Carceller. El éxito trágico del editor de La Traca. Antonio Laguna Platero

Carceller La Traca

02.07.2015

El Nadir. Valencia, 2015.
200 páginas – 20 €.

¿Qué es la sátira? Hay miles de definiciones y generalmente la mayoría, o las visiones más hegemónicas de ella, suelen ser muy académicas. Algunos historiadores más combativos utilizan una definición bastante más sintética: “la sátira es usar el humor con fines agresivos, como arma en la batalla”; así le dan la vuelta tratando de aprender que la realidad es reflejo del movimiento de sus protagonistas y no el ansia porque la sintaxis sea más pura.

Hoy vengo a hablarles de un libro, de un ensayo que hace justicia a un olvido muy largo. Carceller. El éxito trágico del editor de La Traca, de Antonio Laguna. ¡Corran a comprarlo y leerlo!… Me dicen que la librería está cerrada, así que mientras hacen tiempo les daré tres razones para ello.

1. Porque el olvido es injusto. La Traca es una revista satírica de vital importancia no sólo en Valencia sino en toda Europa. En 1912 Carceller consigue vender 500.000 ejemplares cada semana (y no hace falta que dé los datos de analfabetismo de la época). La expectación que genera hace que cada número se espere con curiosidad para conocer qué pasa con sus personajes (como es el caso dela Nacia que, tras 14 meses sin parir, no se sabía si lo haría o si se alistaría con sus gemelos en las Brigadas Internacionales). Unos dibujantes capaces de mantener ese ritmo nada tienen que envidiar a las vanguardias de París o Weimar. Y eso que se ideaba desde un lugar mucho más pequeño: La Cañada. ¿Por qué no se estudia en las escuelas el fenómeno?… El interrogante lleva muchas claves de nuestra historia.
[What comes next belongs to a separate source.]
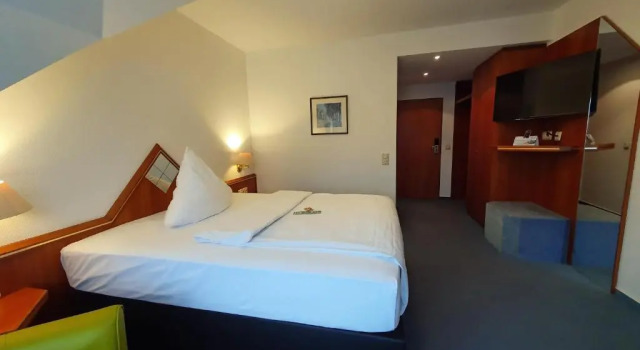 Номер Standard AKZENT Hotel Merfelder Hof
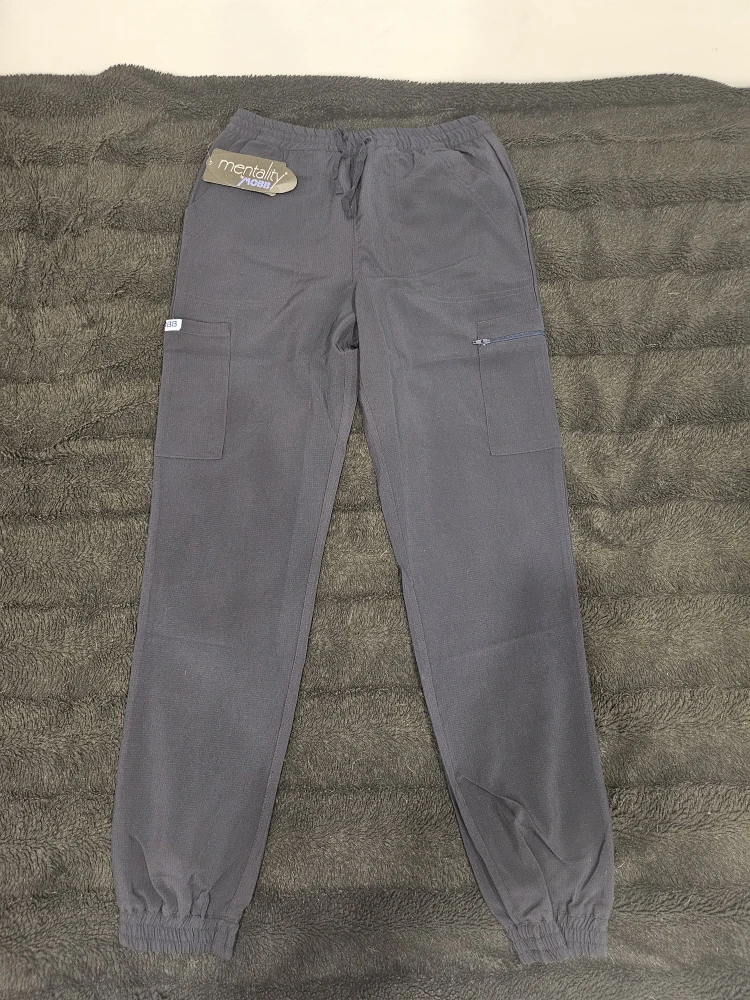 Women's Scrub Pants - photo 4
2. Compromiso y comercialidad no son antónimos. En La Traca hay elementos que no son cómodos a los cánones progres. Pero, además, también se sienten incómodos porque les gustaría moldearla: sus portadas son una declaración clara de republicanismo, de irreverencia, de tener claro quiénes son sus enemigos. Tienen portadas inmisericordes con curas y con el cinismo de la cofradía del santo reproche, con los borbones, con Franco (como la portada del libro) o con Queipo de Llano. Por tanto el análisis debiera replantear las preguntas, obviando fondo y forma, hasta entender el contexto: quién daba la batalla y si La Traca era un arma eficaz. Carceller. El éxito trágico del editor de La Traca parece respondernos (y esto no es ningún spoiler): el adjetivo del título ya alude a su funesto destino: su fusilamiento y el cómo se silenció casi hasta hoy la revista.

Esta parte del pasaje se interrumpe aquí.